Key Takeaways and Actionable Insights
Traditional contracting starts from an adversarial mindset.
Traditional contracts are written in anticipation of conflict. They aim to anticipate everything that can go wrong. Then they try to put every contingency in black-and-white. Clauses are inserted to give one party the upper hand over the other. This approach fosters negative behaviors that undermine the relationship and the contract itself. Often, little room is left for flexibility when conditions change in unexpected ways, leading to costly problems like litigation, mediation/arbitration, renegotiation, churn, and shading (withdrawal of effort by one party due to lack of trust).
A new form of contract called a relational contract aims to address the problem.
A relational contract approaches negotiation not from a transactional perspective but from a relational perspective: what are the best provisions to ensure a lasting and mutually beneficial relationship between the two contracting parties? Instead of focusing on how the value pie is divided between two parties, the shared goal is to maximize the total amount of value that can emerge from the partnership. There is a genuine good faith effort to align the two parties’ interests and to develop a fair and flexible framework to handle unexpected changes and events in the future.
The relational contract is designed to try to solve what economists call the hold-up problem.
Contracts refer to future events, and specifics (such as delivery times) can never be determined with certainty beforehand. The contract is said to be incomplete — not every contingency can be specified. The hold-up problem occurs when one party uses this situation to extract concessions from the other party, knowing that it would be costly for that party to change the arrangement.
Defense contractors, for example, are notorious for under-bidding costs and then adding to their revenue and profits via change orders. A contract may call for “best efforts” but this can never be defined specifically or completely.
The new approach is said to produce healthier and more sustainable partnerships.
In the article A New Approach To Contracts, the authors call for a “what’s in it for we” partnership mentality in contracting, where both parties have a vested interest in the other party’s success. Included relationship-building elements such as shared vision, guiding principles, and “robust governance structures” to keep the parties’ expectations and interests aligned.
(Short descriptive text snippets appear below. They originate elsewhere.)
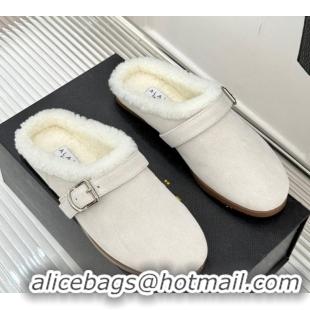 Good Quality Alaia Suede and Wool Flat Mules with Buckle White AL102912 1029156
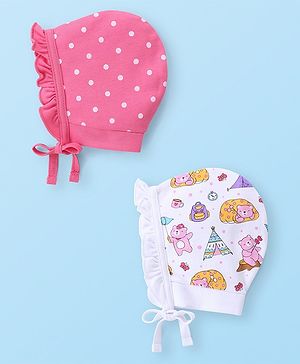 Babyhug 100% Cotton Bonnet Cap with Knot Polka Dot & Bear Print Pack of 2 - Pink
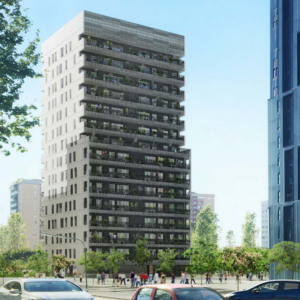 Torre residencial sostenible en Hospitalet con diseño eficiente y certificación energética. Proyecto de construcción sostenible con amplias terrazas y zonas verdes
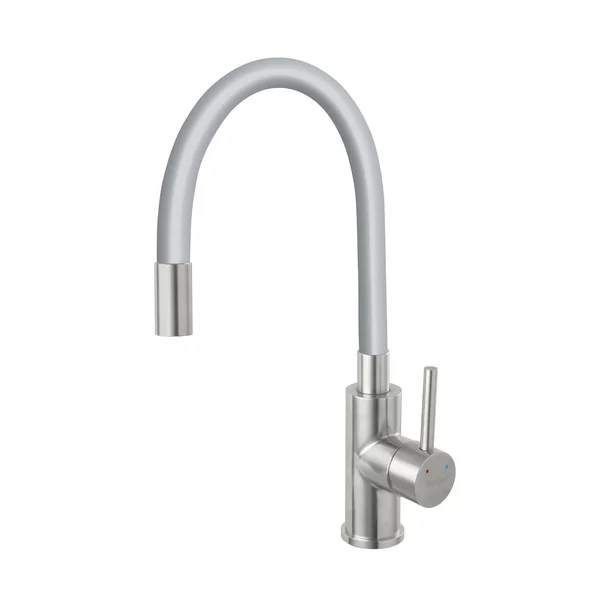 Bucatarie - Baterie bucatarie cu pipa flexibila Ferro Zumba gri - inox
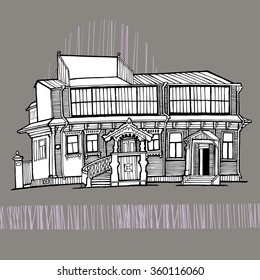 Hand-drawn old town background. 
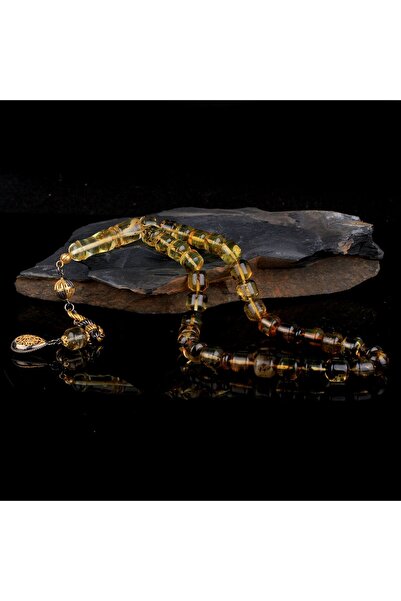 Tesbihsepetim GÜMÜŞ PÜSKÜLLÜ FIÇI KESİM FOSİLLİ DAMLA KEHRİBAR TESBİH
Our guest, Steve Phelan, has written extensively about expectations management in negotiations, and concurs that contracts can perform as instruments of expectations management. However, they can’t be perfect, and the authors’ integration of trust-building mechanisms into contracts (e.g., regular scheduled trust-building meetings) seemed to him to be a bit artificial.
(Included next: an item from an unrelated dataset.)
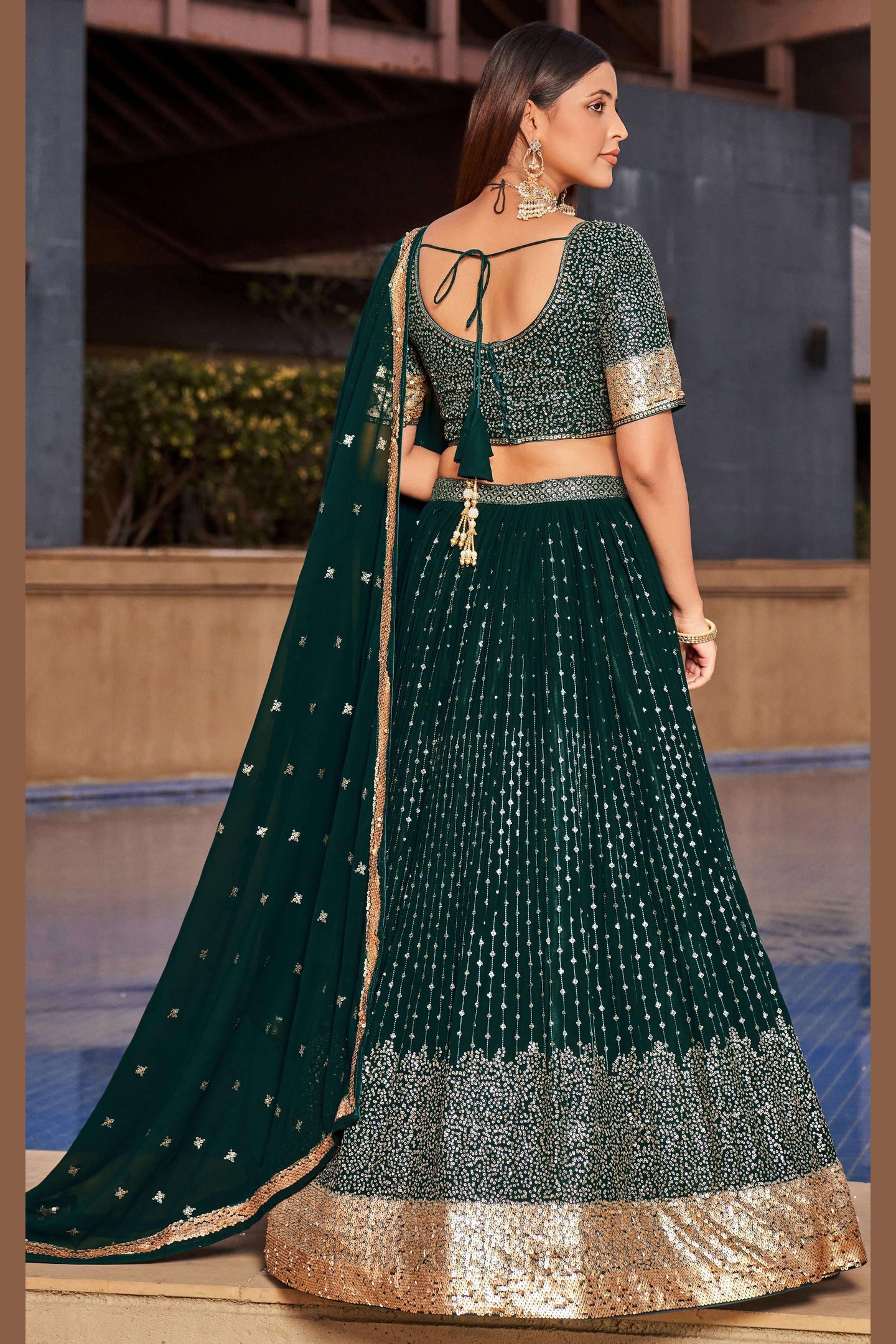 Green Georgette Lehenga Choli For Indian & Pakistani Wedding Festival - Sequins & Thread Embroidery Work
A better approach is to focus on identifying good-faith actors — those who work hard to follow both the letter and the spirit of the agreement. As is always underlined by the “Think Austrian” approach, subjectivism (in this case good-faith actors) brings better business solutions than hard and fast rules and mechanisms regarding how to build contractual trust.
It’s important to get there by the best route, since trust lowers transaction costs.
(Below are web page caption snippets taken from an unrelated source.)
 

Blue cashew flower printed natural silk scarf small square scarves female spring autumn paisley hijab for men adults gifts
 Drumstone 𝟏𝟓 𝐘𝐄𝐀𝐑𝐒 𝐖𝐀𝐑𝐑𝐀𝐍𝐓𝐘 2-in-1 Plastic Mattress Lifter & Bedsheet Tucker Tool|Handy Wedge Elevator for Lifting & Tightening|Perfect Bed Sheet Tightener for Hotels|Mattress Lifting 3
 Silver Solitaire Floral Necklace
The new approach to contracting extends to psychological contracts.
Psychological contracts are unwritten relationships in which an individual holds a belief in mutual obligations between themselves and another party. An often-cited example is an employment relationship. There may be a written employment contract but, beyond that, an employee may have tacit expectations about job security, personal development, recognition, promotion, growth, personal well-being and respect. If these are not met, they may withdraw effort. Employers are well-advised to empathize with the unwritten expectations of the psychological contract in order to optimize employee motivation.
A brand promise can be a similar psychological contract. Brand make overt promises regarding the benefits they claim to bring to users. In turn, users create their own expectations — as we always emphasize, value is subjective and customers engage in a value learning process when they interact with brands. Their subjectively-defined expectations undergo continuous change, especially as they make comparisons with alternative offers and alternative sources of satisfaction. It’s imperative for brand owners to monitor the evolution of customer-perceived mutual obligations. Customers hold a strong perception of how much consumption work they have to do to receive the benefits that the brand promised, and if the equation gets out of balance, they’ll withdraw their effort.